Benjamin Peter Sherrington Shephard (born 11 December 1974) is an English television presenter and journalist who is currently employed by ITV. He was a main presenter on the now defunct breakfast programme GMTV and since April 2014 has co-hosted the ITV breakfast show Good Morning Britain alongside Susanna Reid, Kate Garraway and Charlotte Hawkins. He has also hosted game shows such as The Krypton Factor (2009–2010), Tipping Point (2012–present) and Ninja Warrior UK (2015–present). 

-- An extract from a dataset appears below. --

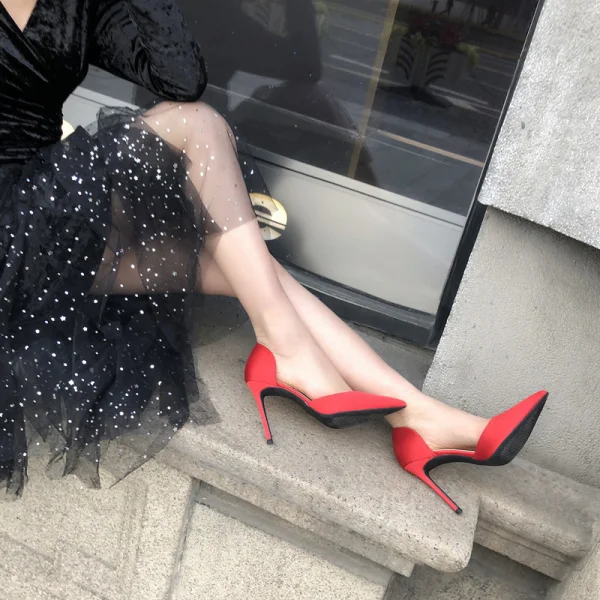 Simple Nues Vêtement de rue Chaussures Femmes 2020 Satin 10 cm Talons Aiguilles À Bout Pointu Talons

In 2012, along with Helen Skelton, he welcomed the athletes of the London 2012 Olympic and Paralympic Games to Trafalgar Square as part of their homecoming parade.

Early life and education
Shephard was educated at Chigwell School, an independent school in the civil parish of Chigwell in the Epping Forest area of Essex, followed by the University of Birmingham, where he achieved a BA honours degree in Dance, Drama and Theatre Arts. Initially wanting to become an actor, while at university he joined a local weather network through a casting process and then became a runner (the most junior member of a television crew), before being encouraged to become a television presenter by a producer.

Career

Channel 4

Shephard's career took off in 1998, when he began hosting Channel 4 spin-off show The Bigger Breakfast, alongside fellow presenters including Josie D'Arby, Melanie Sykes and Dermot O'Leary. That same year, Shephard became the first presenter of T4's teen strand on Channel 4, which launched on 25 October 1998. He also presented Control Freaks for the channel in 1998.

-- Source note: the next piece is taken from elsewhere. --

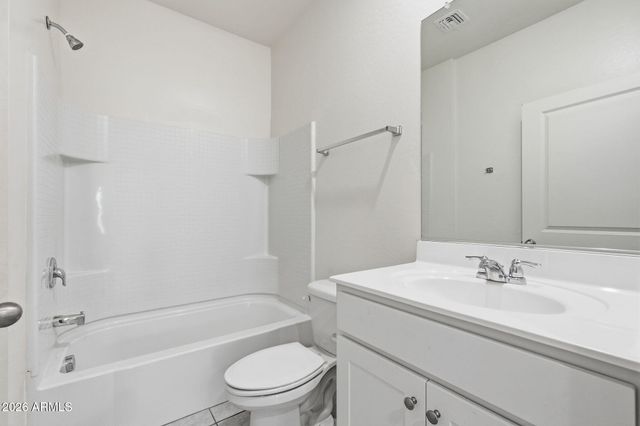4114 E REYNOLDS Drive, San Tan Valley, AZ 85143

Shephard returned to Channel 4 in 2013 to co-present cookery programme called What's Cooking?. He hosted one series, alongside Lisa Faulkner, and then permanently left Channel 4 on 24 May 2013.

ITV

Between 2004 and 2006, Shephard presented the first three series of ITV2 spin-off programme The Xtra Factor, whilst Kate Thornton hosted the main show on ITV  While hosting the show, Shephard also starred in The Xtra Factor – Battle of the Stars. He left the show after three series after missing out on the main presenting role (which went to Dermot O'Leary after the departure of original host Kate Thornton); he was replaced by Fearne Cotton.

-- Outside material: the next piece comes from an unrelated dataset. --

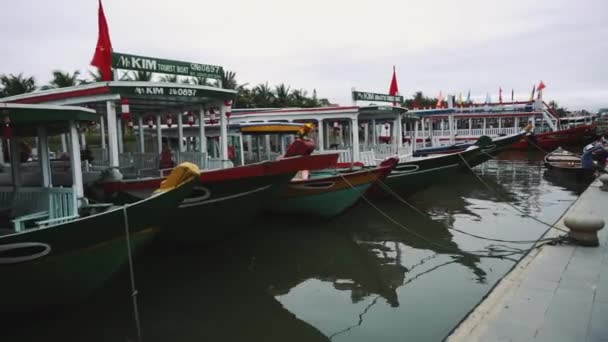 Hoi An, Vietnam. Street night view at Hoi En gammal stad historiska distrikt, UNESCO: s världsarv och en populär resmål, Vietnam. — Stockvideo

Between 2005 and 2011, Shephard was a stand-in presenter on  This Morning, covering for regular presenter Phillip Schofield. In 2014, Ben was a stand-in presenter on This Morning Summer, co-hosting one episode alongside Ruth Langsford. Since 2015, he has been a regular stand-in presenter for Schofield and Eamonn Holmes.

In 2006, Shephard co-presented reality singing contest Soapstar Superstar alongside Fern Britton. The programme returned the following year in 2007, without Shephard as the host. In 2007, Shephard co-hosted Dancing on Ice Exclusive, a spin-off series which aired on ITV.

In 2008, Shephard co-presented Who Dares, Sings! with Denise van Outen.

Shephard has hosted numerous music specials on the channel, celebrating some of Britain's best-loved musicians. These shows were Rod Stewart: One Night Only, which aired on 5 December 2009 and Phil Collins: One Night Only, which aired the following year on 18 September 2010.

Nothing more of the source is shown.